Hi,
On 2020-01-14 17:54:16 -0500, Tom Lane wrote:
> Andres Freund <andres@anarazel.de> writes:
> > On 2020-01-14 17:01:01 -0500, Tom Lane wrote:
> >> But I agree that not checking null-ness
> >> explicitly is kind of unsafe. We've never before had any expectation
> >> that the Datum value of a null is anything in particular.
>
> > I'm still not sure I actually fully understand the bug. It's obvious how
> > returning the input value again could lead to memory not being freed (so
> > that leak seems to go all the way back). And similarly, since the
> > introduction of expanded objects, it can also lead to the expanded
> > object not being deleted.
> > But that's not the problem causing the crash here. What I think must
> > instead be the problem is that pergroupstate->transValueIsNull, but
> > pergroupstate->transValue is set to something looking like a
> > pointer. Which caused us not to datumCopy() a new transition value into
> > a long lived context. and then a later transition causes us to free the
> > short-lived value?
>
> Yeah, I was kind of wondering that too. While formally the Datum value
> for a null is undefined, I'm not aware offhand of any functions that
> wouldn't return zero --- and this would have to be an aggregate transition
> function doing so, which reduces the universe of candidates quite a lot.

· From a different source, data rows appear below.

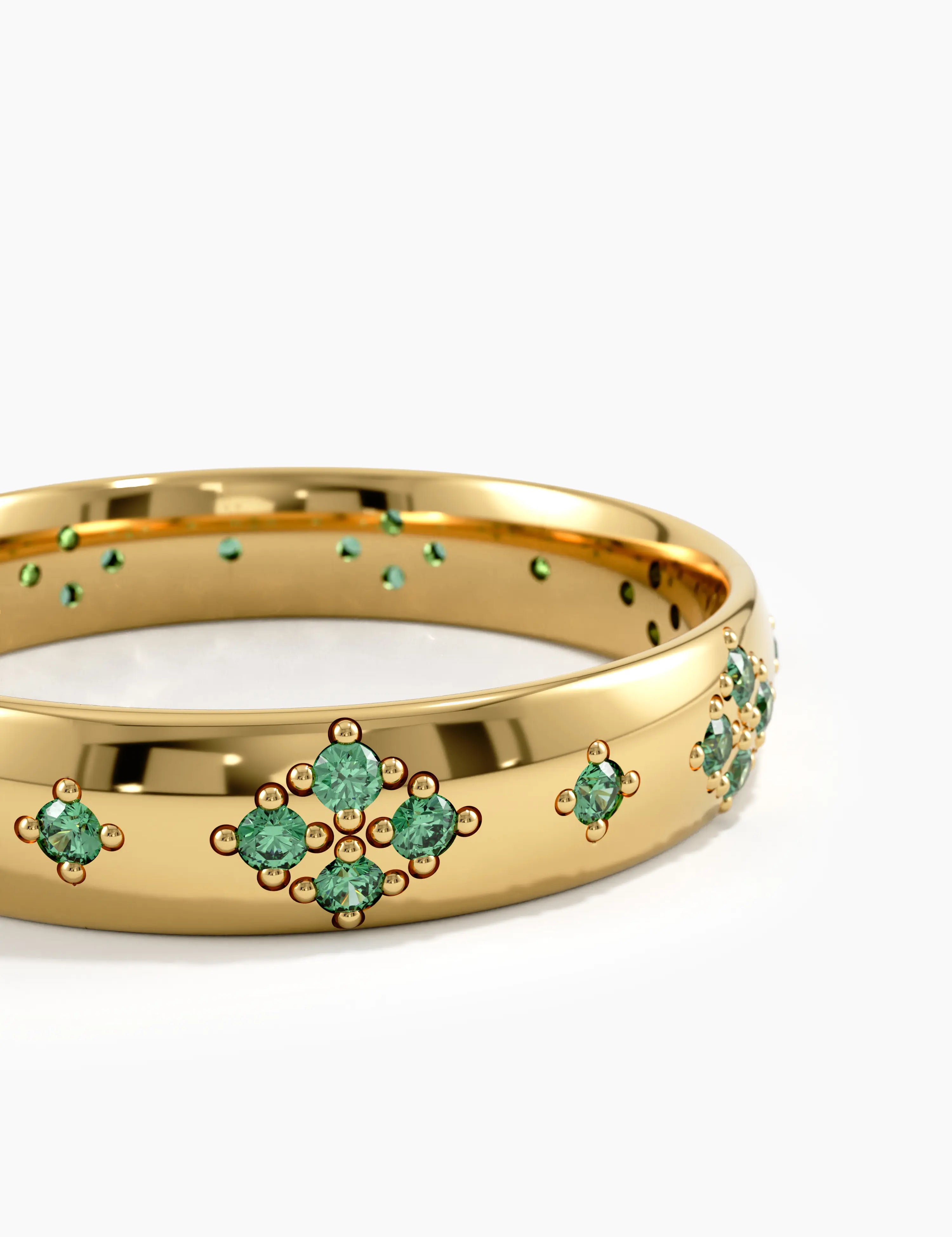 Pave Emerald Wedding Band, solid gold ring, view 2 | DiaFifth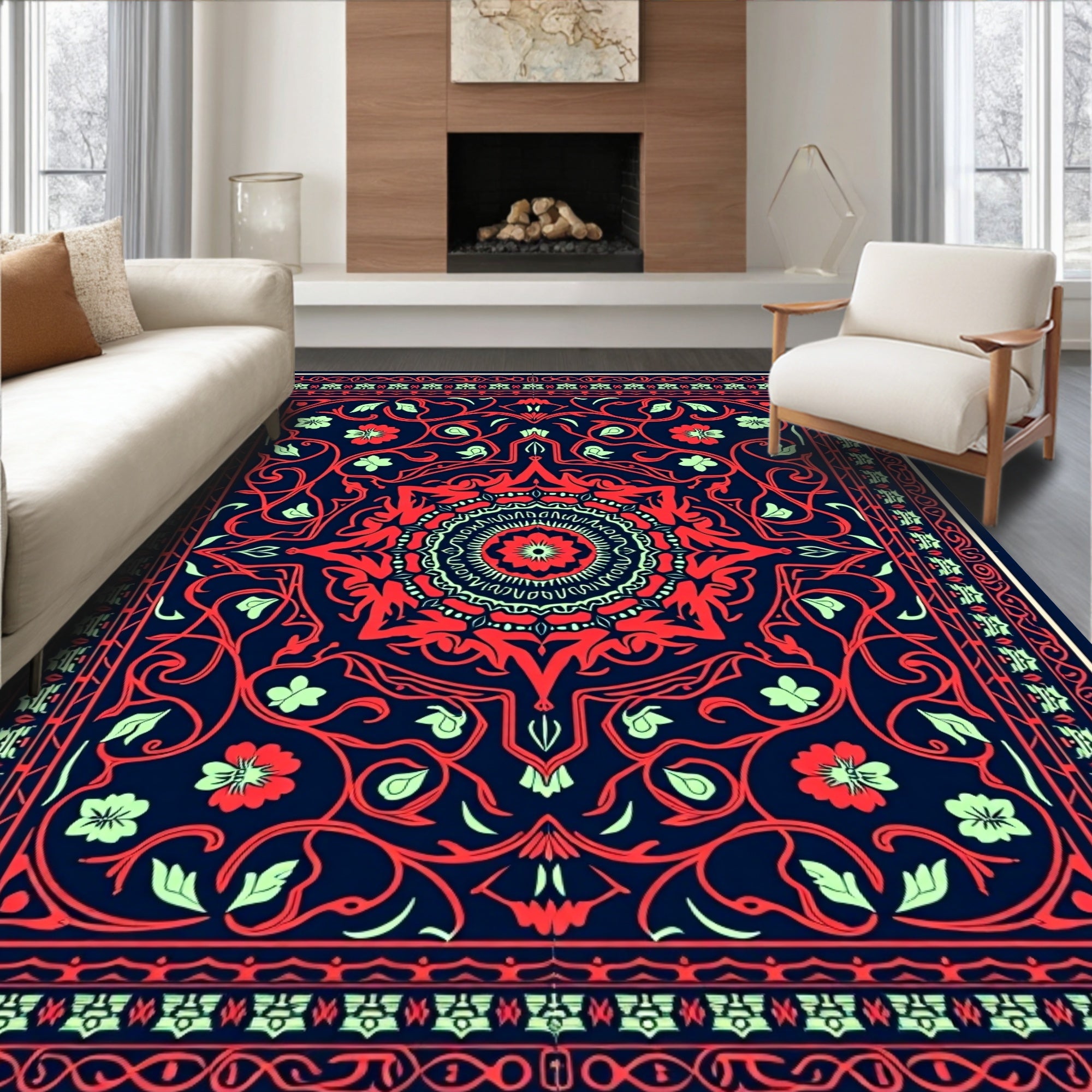 Deep Blue Red Floral Medallion Rug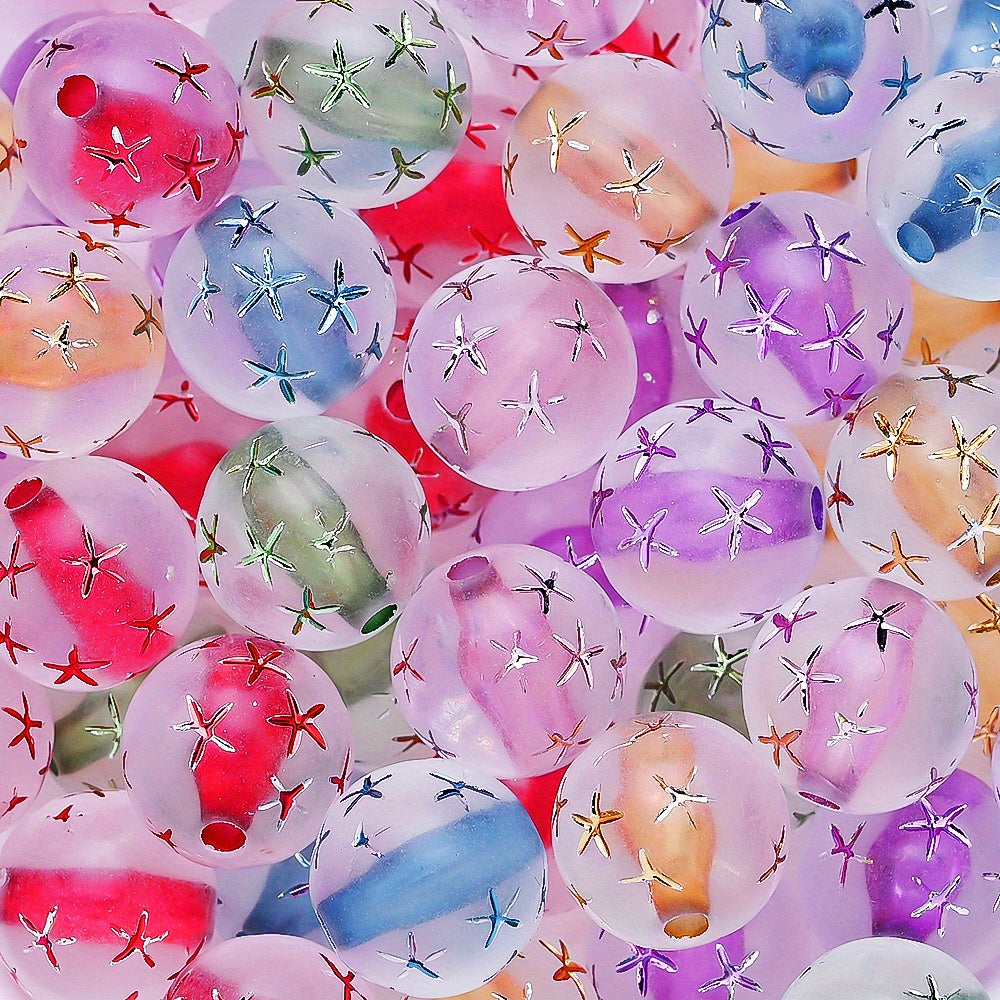 10pcs 16mm Colorful Starfish Print Acrylic Beads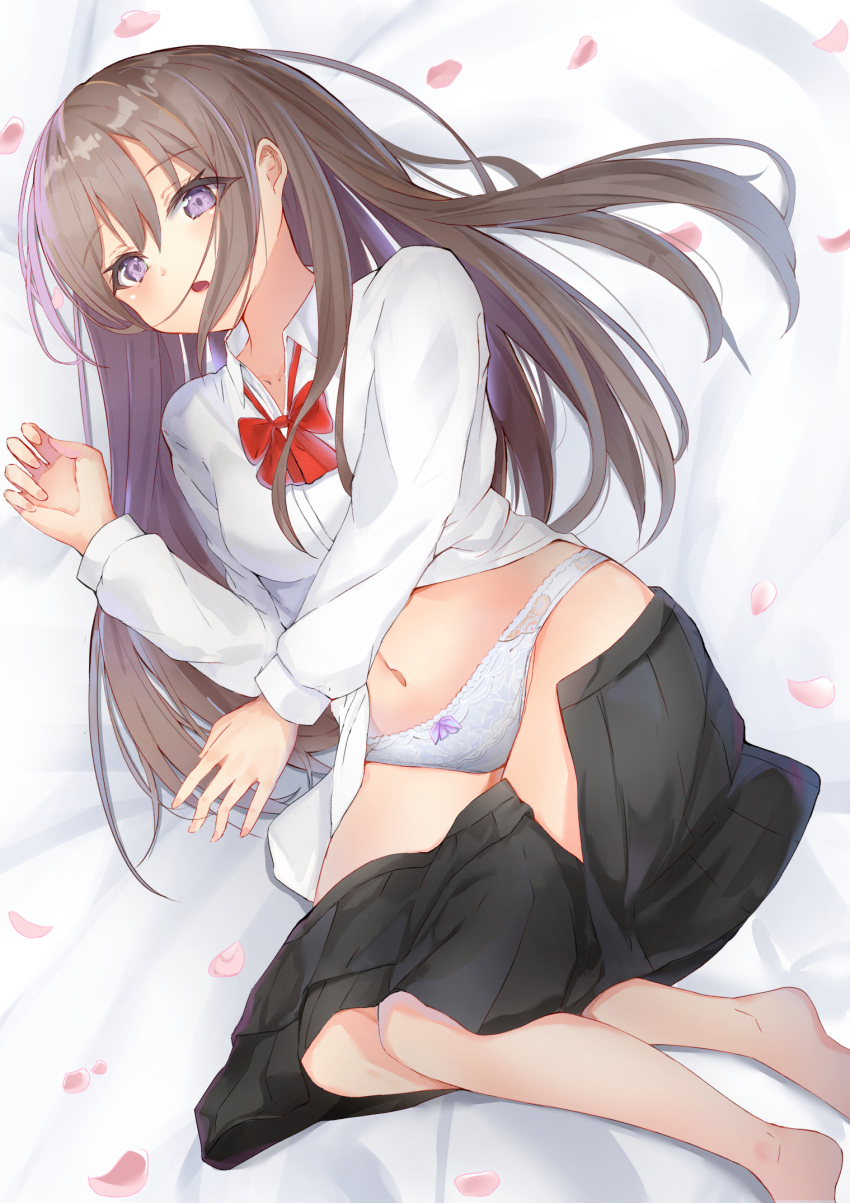 1girl bangs barefoot bed_sheet black_skirt bow bow_panties brown_hair dress_shirt eyebrows_visible_through_hair fingernails hair_between_eyes highres hikashou long_hair long_sleeves looking_at_viewer lying navel on_side open_clothes open_skirt original panties parted_lips petals pleated_skirt red_bow revision shirt skirt skirt_pull solo underwear very_long_hair violet_eyes white_panties white_shirt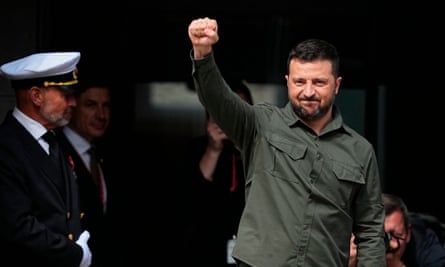 Ukrainian President Volodymyr Zelensky reacts after addressing the crowd in front of the Danish Parliament in Copenhagen, Denmark, on 21 August 2023.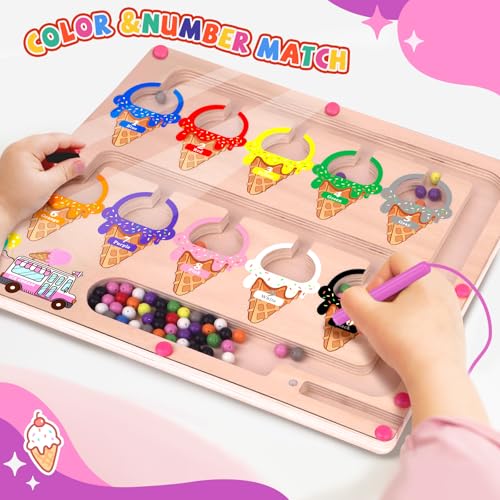 wakeInsa Magnetic Color and Number Maze,Montessori Toy for 2-5 Years Old Girls,Wooden Magnet Balls Puzzles,Toddler Busy Board Game,Preschool Learning Activities,Christmas & Birthday Gift for Kids - style: Magnet Toys - Ice Cream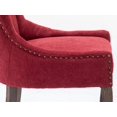 thumbnail image 2 of Burgundy Dining Chairs Set of 8, Kitchen & Dining Room Chairs, Fabric Upholstered Dinning Chairs, Sillas De Comedor, Nailhead Trim, Wood Legs (Red, 8 Pcs), 2 of 11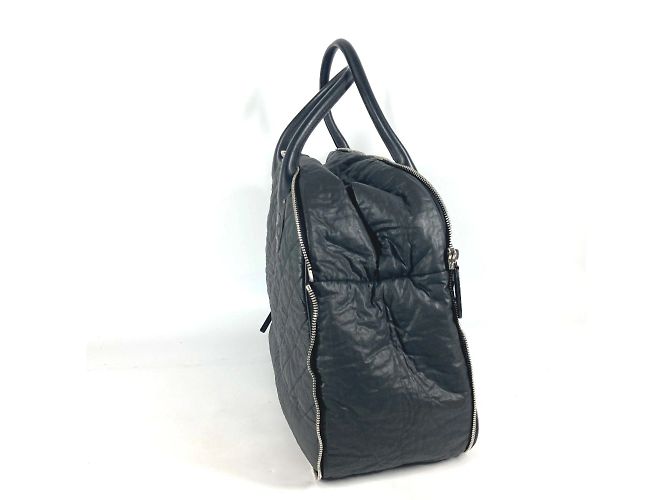 Chanel schwarze beschichtete Canvas Boston Tasche - Ansicht 3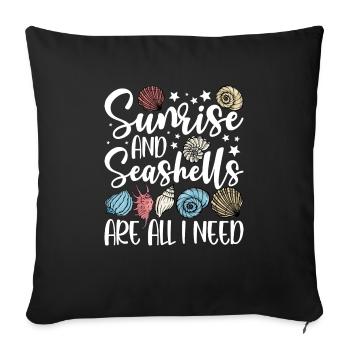Collecting shells - Sofa pillowcase 17,3'' x 17,3'' (45 x 45 cm) - black - Front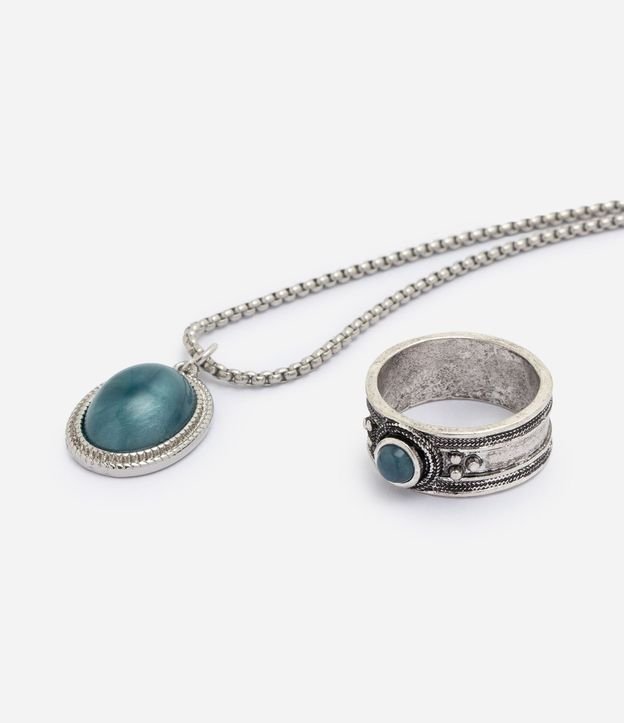 Kit Collar y Anillo Metalizado con Pedra Azul Turquesa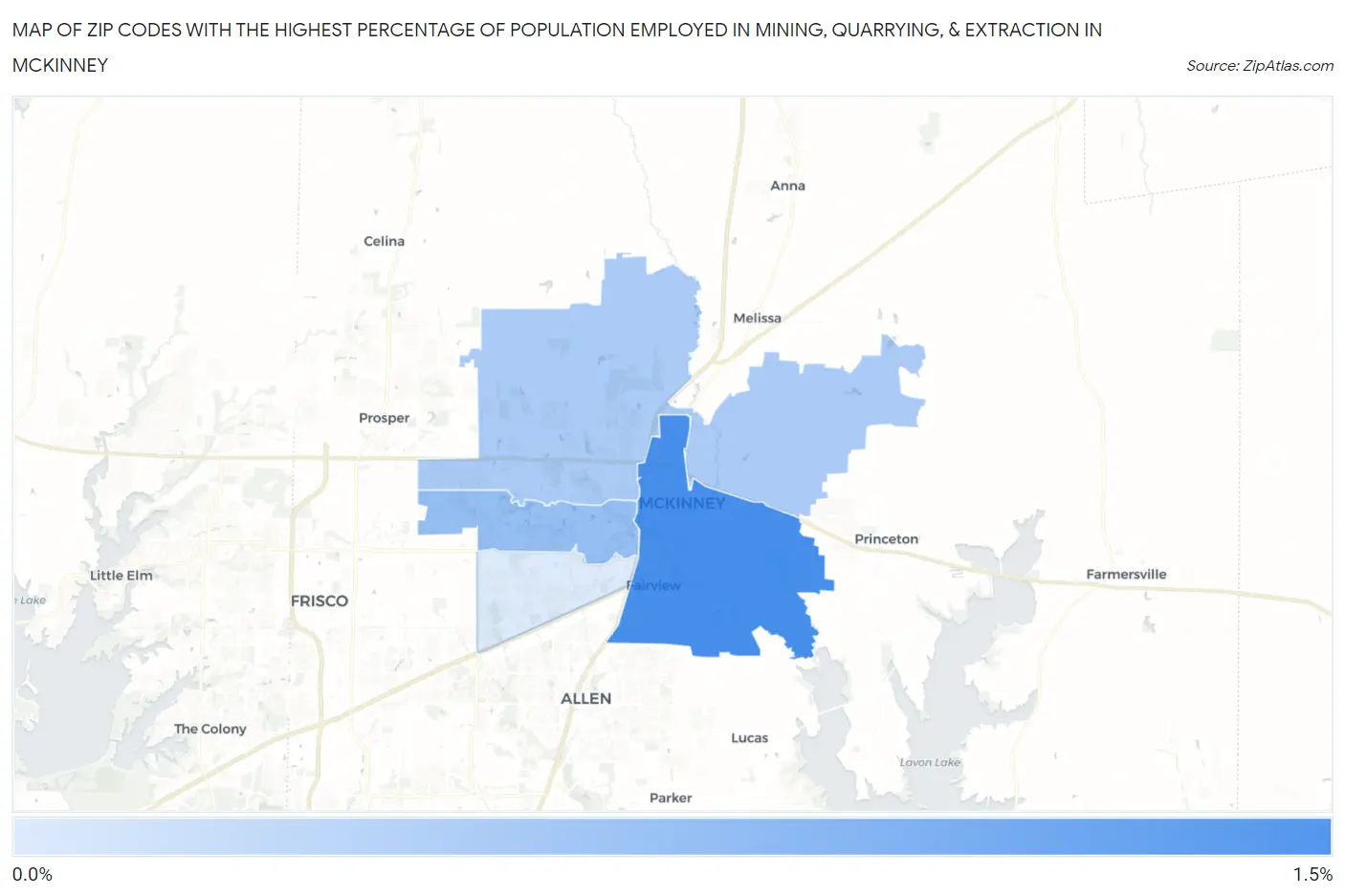 Zip Codes with the Highest Percentage of Population Employed in Mining, Quarrying, & Extraction in Mckinney Map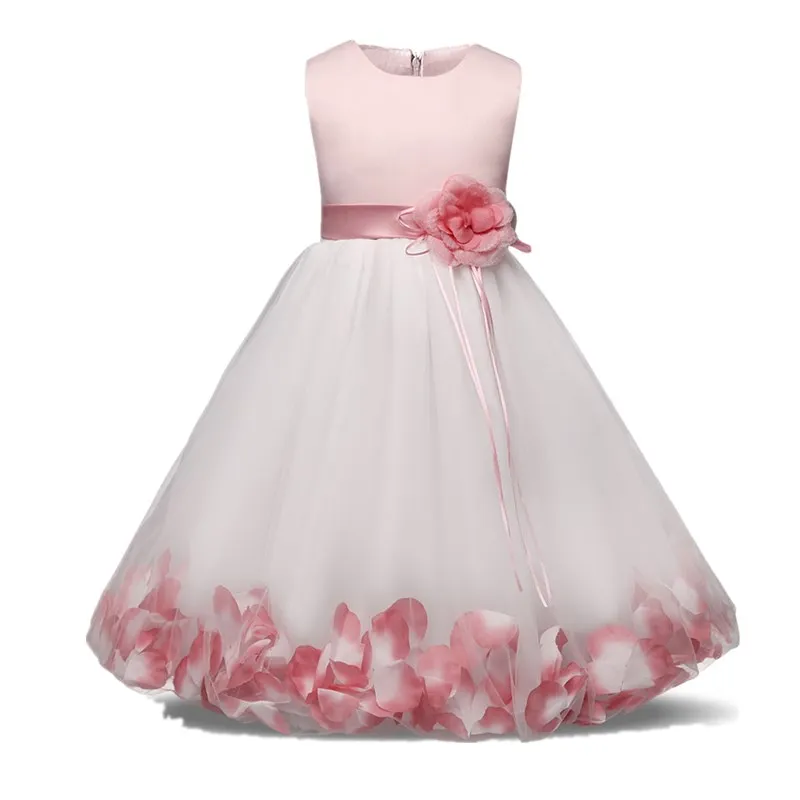 Платье для девочек с цветочным принтом и лентами для девочек; свадебные торжественные платья; детское бальное платье для дня рождения; одежда для маленьких девочек - Цвет: pink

> Plus there's the question of how often a transition function would return
> null for non-null input at all.
>
> Could we see a test case that provokes this crash, even if it doesn't
> do so reliably?
There's a larger reproducer referenced in the first message. I had hoped
that Teodor could narrow it down - I guess I'll try to do that tomorrow...
Greetings,
Andres Freund